And if you want a colorful description of what the 25-year-old quarterback has become this season for the Green Bay Packers, coach Matt LaFleur gave me one, as the team buses made their way to the airport to get the group back to Wisconsin.
“F—ing stud,” LaFleur says.
Hard to argue.
If Love wasn’t perfect Sunday, I’ll leave it to you to pick apart what we all saw during Green Bay’s 48–32 rout of the Dallas Cowboys (and yes, it was a rout, even if LaFleur taking his foot off the gas created a scary moment or two at the end). Love’s passer rating actually fell just 1.1 points short of perfect, at 157.2, and his results on the eye test were pretty much right there, too. He connected on 16 of 21 attempts for 272 yards, three touchdowns and no picks.
He made throws. What was probably his worst throw of the afternoon went for a 38-yard touchdown. He had everything working, and looked every bit worthy of the throne he inherited from Aaron Rodgers last spring.
And his best play of the day vividly illustrated the level at which Love is operating right now, which is a healthy distance from where he was even at the beginning of the year.
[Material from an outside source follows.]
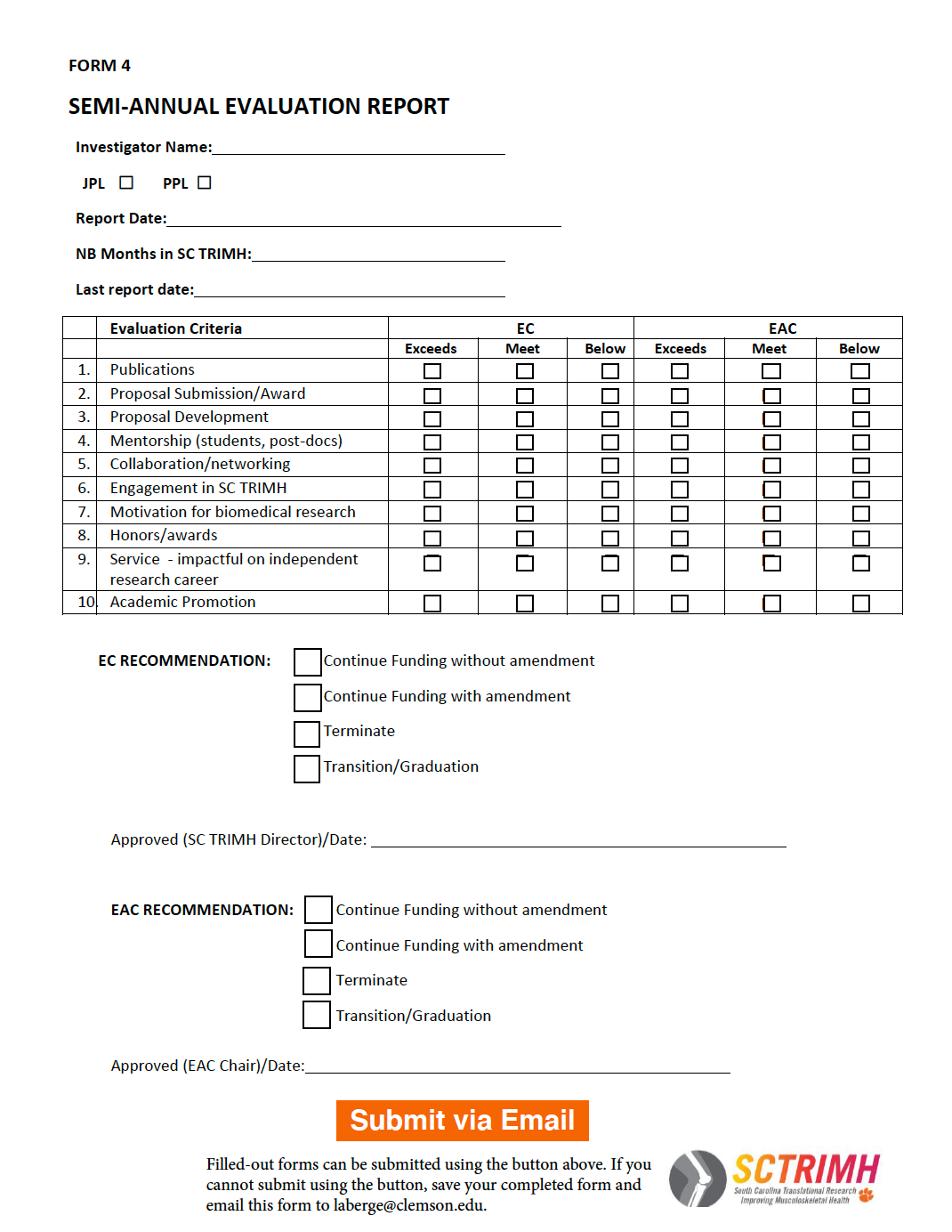 Semi-annual evaluation report form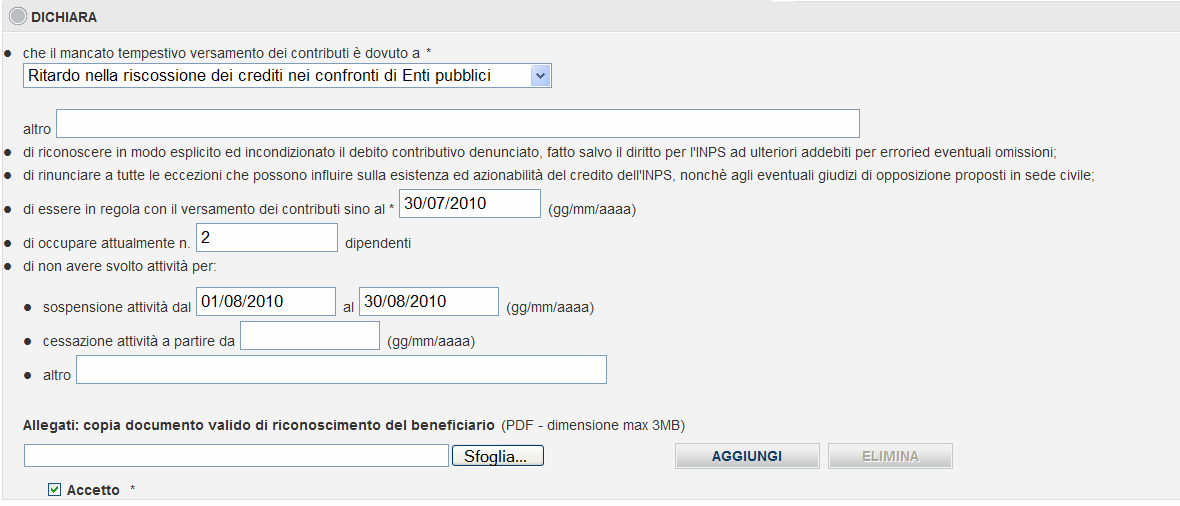 3.4.6 Sezione DICHIARA In questa sezione è necessario indicare le causali della domanda.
It came on a third-and-7 from the Dallas 20, with the Packers up 14–0 with 3:23 left before halftime.
First, LaFleur asked for, and Love gave him, the play call for the situation. Then, as Love approached the line, he identified a zero blitz and adjusted the protection to keep extra blockers in to combat it. After that, he stood in the face of a rush he knew would probably get to him, and with Markquese Bell coming free and leaping at him to close down his throwing window and make it impossible for him to step into the throw, Love flicked his wrist and dropped a dime to Dontayvion Wicks right down the middle of the end zone for a 20-yard score.
With that strike, the game was effectively over.
“He saw a zero blitz right away, maxed it up, and Tucker [Kraft] did a great job, the O-line did a great job, and he allowed the routes to work because usually you can’t hold up that well when somebody all-outs you,” LaFleur says. “They did, and that allowed him to get that extra hitch—and then the catch by Wicks was a hell of a play.”
And a pretty wild throw?
“Totally insane throw,” LaFleur continues.
The kind that very few quarterbacks could make?
“He is playing at such a high level,” LaFleur answered. “Like, he is playing at an MVP level.”
Which was, interestingly enough, just as vividly illustrated by what may have been, again, his worst throw of the afternoon.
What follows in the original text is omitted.